Solar flares may cause power outages, radio signal interference

The parent planet, Earth, has been blasted by a powerful, sun-directed solar storm that could interfere with electrical and communication systems, aviation and the display of Halloween night.

The solar flare, the largest in a year and one of the most powerful solar eruptions in over five years, was directed directly at Earth. Earth was roughly one million miles from the path of the flare at the time, according to NASA.

Power outages from the flare and related radiation could pose a risk to power grids and communications, government agencies have warned.

Impact on humans

Earth has had to endure multiple instances of dangerous solar eruptions in the past, and sometimes astronauts on the International Space Station have had to contend with adverse effects.

“For geomagnetic storms, the chief threat is weaker solar plasma (meaning not the filament itself),” Alan Title, a physicist at the National Oceanic and Atmospheric Administration’s Space Weather Prediction Center, told CNN in 2016.

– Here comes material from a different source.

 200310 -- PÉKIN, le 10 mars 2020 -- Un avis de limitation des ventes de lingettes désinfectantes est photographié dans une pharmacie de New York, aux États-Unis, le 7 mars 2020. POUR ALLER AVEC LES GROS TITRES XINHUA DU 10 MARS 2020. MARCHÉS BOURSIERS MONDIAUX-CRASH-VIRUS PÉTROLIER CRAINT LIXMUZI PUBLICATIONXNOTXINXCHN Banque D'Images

“The weaker particles in solar plasma are most hazardous for electronics,” he said. “The flares and coronal mass ejections (from sunspots) typically interfere with GPS, communications, navigation, power, video broadcast and other satellites in low earth orbit.”

The US National Weather Service issued a geomagnetic storm watch for a strong geomagnetic storm on Monday.

A “wide swath of the planet is forecast to experience 1-3 times solar storm strength,” the NWS said.

The storms caused by solar flares are known as geomagnetic storms, and can also disrupt radio signals and power grids. However, they typically don’t pose a threat to humans, according to a NOAA report.

Comet’s collision

Several scientists have speculated that the solar flare originated in the sun’s corona or outer atmosphere, and the announcement did not clarify the origin of the flare.

North America on October 31 would be well placed to feel the brunt of the storm as space weather is known to influence the trajectory of comets that come within a few days of Earth.

Discovery of this flare was made available by NASA’s Goddard Space Flight Center in Greenbelt, Maryland, on its Active Region Tracker.

This guide provides updates on four Active Regions (ARs) in the sun’s visible and in the northern polar regions, according to the National Oceanic and Atmospheric Administration’s Space Weather Prediction Center, and provides images of “an intense coronal mass ejection currently erupting from one of these Active Regions.”

The highest power, category G2, is the strongest type of solar storm and more intense than any forecast for October 31.

G2 solar storms tend to significantly affect satellites and people on Earth, according to NASA. Those aiming for the northern hemisphere will likely experience a day with a sustained aurora borealis or northern lights, the agency said.

Additional ARs also appear on weekly rankings of solar radiation storms.